HubRouter: A Pluggable Sub-Quadratic Routing Primitive for Hybrid Sequence Models

arXiv cs.LG / 4/27/2026

📰 NewsModels & Research

Key Points

  • HubRouter is a new pluggable routing primitive that replaces O(n^2) attention with an O(nM) hub-mediated mechanism using a small set of learned hub tokens (M << n).
  • It uses an encode–decode–score–council pipeline where hub tokens attend to all tokens, tokens compute routing fingerprints against hubs, a score head selects top-k, and a sparse council attends only to the selected subset.
  • The paper evaluates HubRouter in multiple architectures (a Jamba-style hybrid and a 12-layer Transformer) and finds that fully retrofitting pretrained models was a tested negative case.
  • Results show modest perplexity gains or tradeoffs depending on the setup: Hub-Jamba gives a nominal ~4.2% PPL improvement and large training-throughput gains, a 25% gradual replacement in Transformers improves matched-budget perplexity, and Hub-GPT is strictly causal but costs quality to avoid O(n^2) compute.
  • Experiments and sweeps suggest a reliable hub-count range of M=8–14, with M>=20 showing greater sensitivity across random seeds, and the authors plan to release code and scripts.

Abstract

We introduce HubRouter, a pluggable module that replaces O(n^2) attention layers with O(nM) hub-mediated routing, where M << n is a small number of learned hub tokens. We demonstrate it in two from-scratch architectures: a Jamba-style hybrid and a 12-layer Transformer; retrofit into pretrained models is a tested negative case. HubRouter implements an encode-decode-score-council pipeline: M learned hubs cross-attend to all tokens, tokens project against hubs for routing fingerprints, a score head selects top-k tokens, and a sparse council attends only to the selected subset.

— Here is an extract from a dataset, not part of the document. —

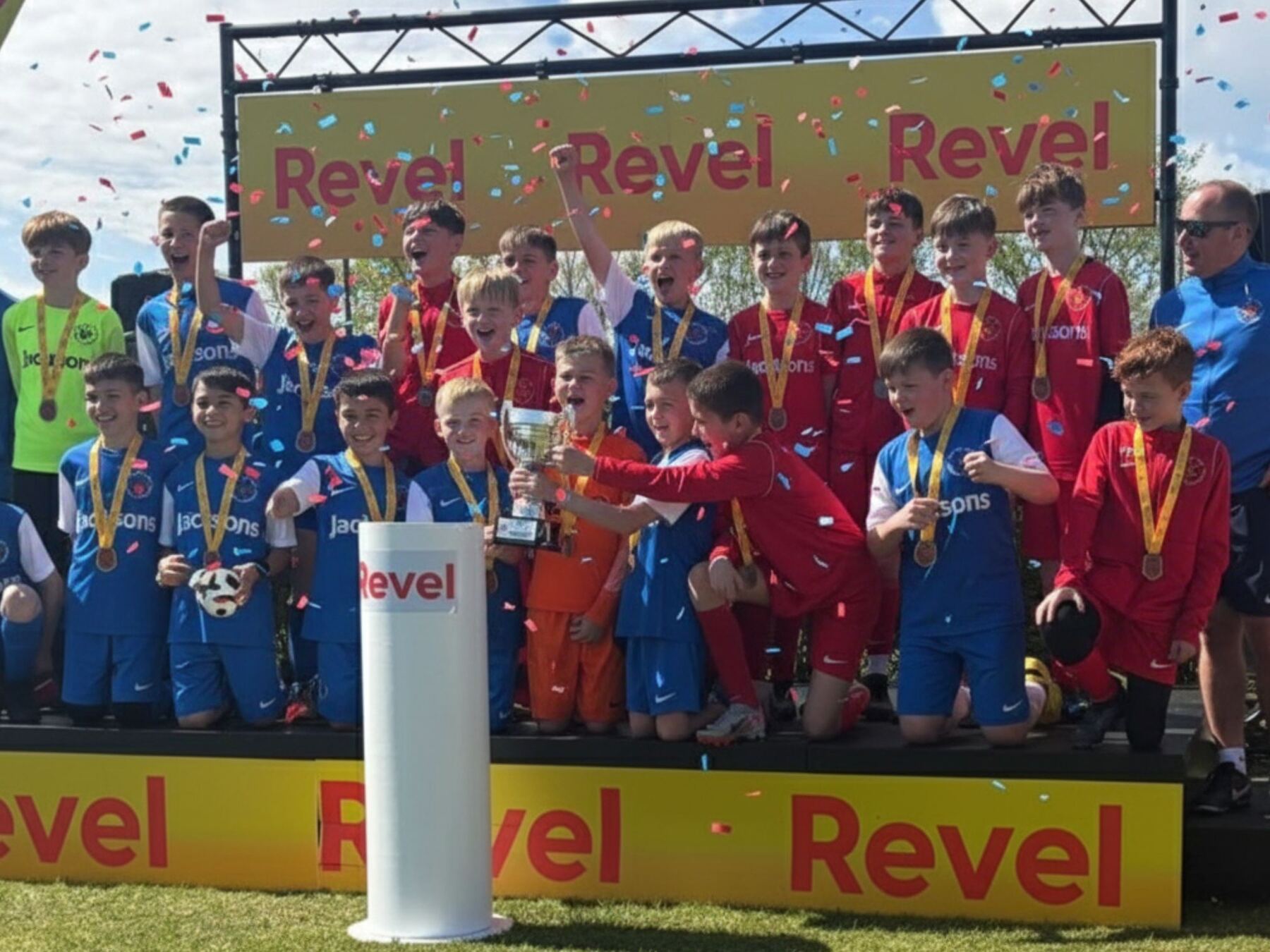 A junior football team on the podium with medals and trophy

We validate HubRouter in three settings. (1) Hub-Jamba yields a nominal 4.2% PPL improvement (200.2 vs 209.0, single seed; possibly within seed noise) and up to ~90x training throughput at sequence length 1024 in matched PyTorch-native baselines; an optimised baseline would narrow this to ~10-15x. (2) Graduated replacement of 25% of Transformer attention layers gives the best perplexity in our matched-budget sweep (268.0 vs 282.4 pure Transformer). (3) Hub-GPT provides strictly causal routing, achieving PPL 211.5 +/- 0.4 over 3 seeds (post council-causal fix); approximately 3 PPL worse than Jamba's 208.5 +/- 0.7, a measurable quality cost for avoiding O(n^2) computation. Post-fix, chunk size C has little effect; the pre-fix chunk-size benefit was an artifact of a bidirectional-council leak we found in adversarial review. A multi-seed hub-count sweep (~105 runs across M=1-32) reveals M=8-14 as the reliably-converging sub-band (4-5/5 seeds); M=6 is rescued to 5/5 by orthogonal regularization, while M>=20 shows increasing seed sensitivity. Companion paper arXiv:2603.20997 (Basu, 2026) defines the routing diagnostic task. Code and scripts will be released.